__Exercise requirements__: Each entry below must be repeated exactly. Leave the pictures out of it.

(Items from a dataset)
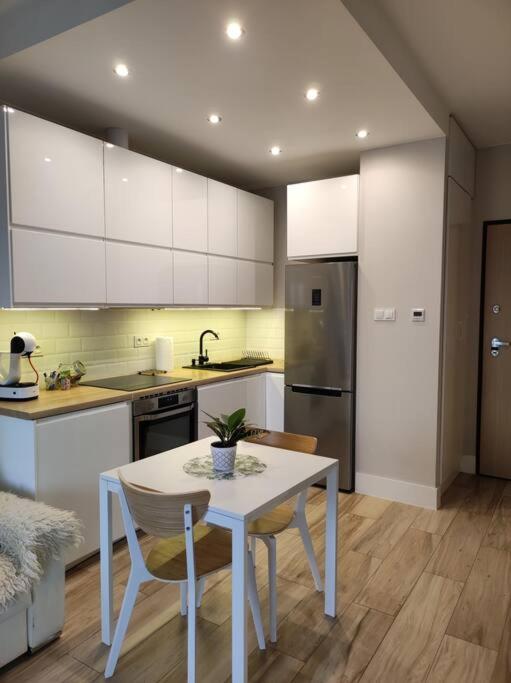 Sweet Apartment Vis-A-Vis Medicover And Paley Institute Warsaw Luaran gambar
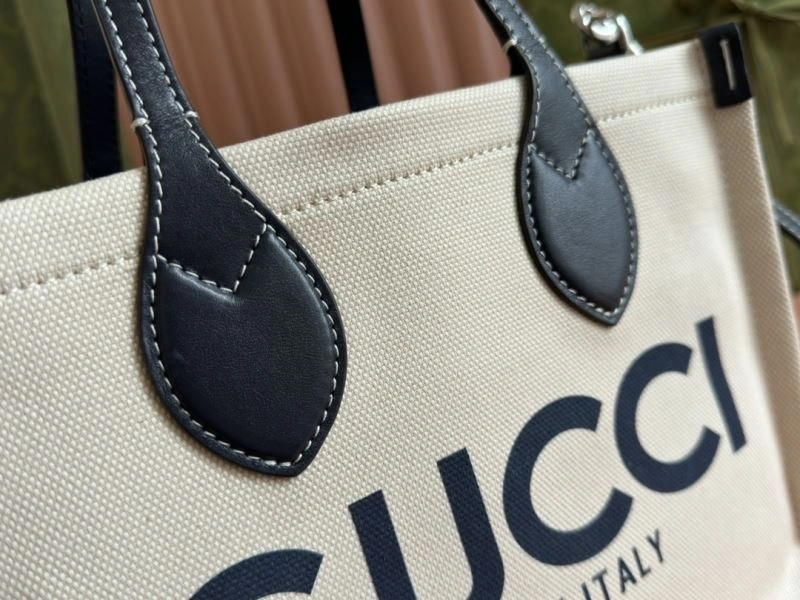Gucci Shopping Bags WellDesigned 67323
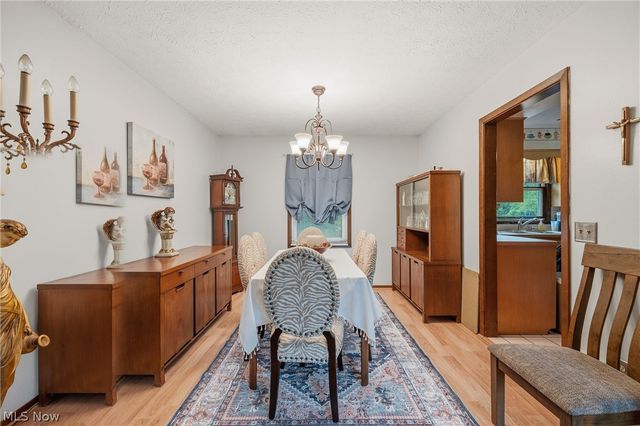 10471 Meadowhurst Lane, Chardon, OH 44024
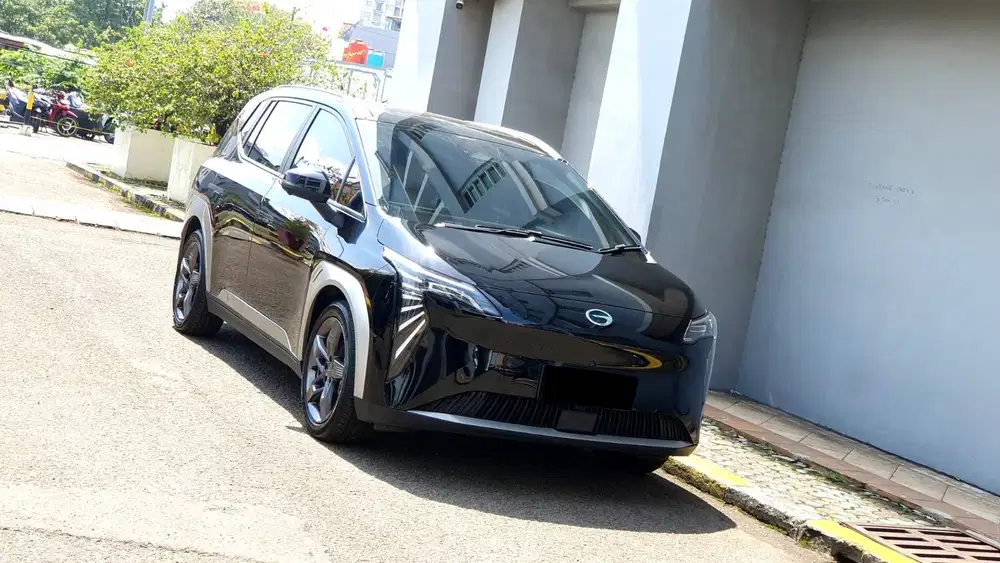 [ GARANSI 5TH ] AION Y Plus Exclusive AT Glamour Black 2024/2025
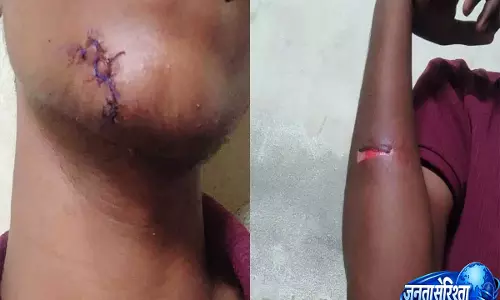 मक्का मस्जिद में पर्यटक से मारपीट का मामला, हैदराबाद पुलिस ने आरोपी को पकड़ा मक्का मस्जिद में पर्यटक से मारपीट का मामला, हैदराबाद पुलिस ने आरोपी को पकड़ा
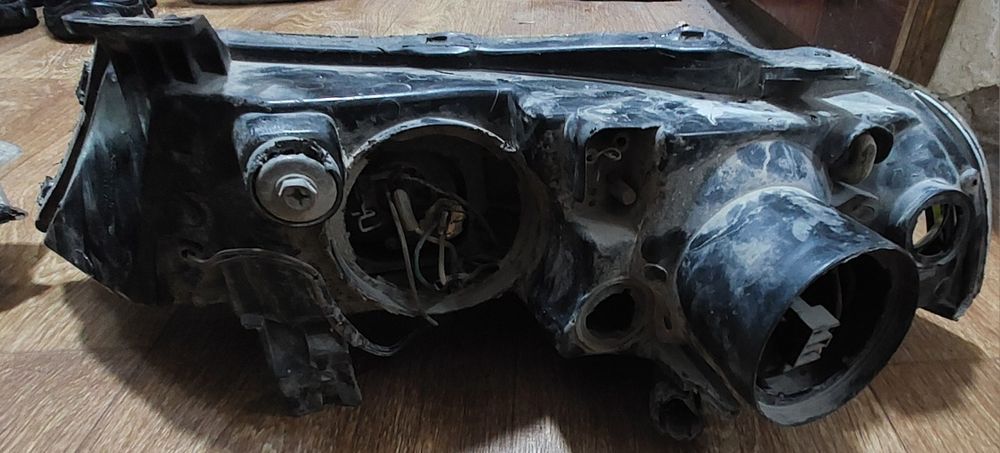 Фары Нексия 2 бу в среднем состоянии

__Answer area__:
 Sweet Apartment Vis-A-Vis Medicover And Paley Institute Warsaw Luaran gambar
Gucci Shopping Bags WellDesigned 67323
 10471 Meadowhurst Lane, Chardon, OH 44024
 [ GARANSI 5TH ] AION Y Plus Exclusive AT Glamour Black 2024/2025
 मक्का मस्जिद में पर्यटक से मारपीट का मामला, हैदराबाद पुलिस ने आरोपी को पकड़ा मक्का मस्जिद में पर्यटक से मारपीट का मामला, हैदराबाद पुलिस ने आरोपी को पकड़ा
 Фары Нексия 2 бу в среднем состоянии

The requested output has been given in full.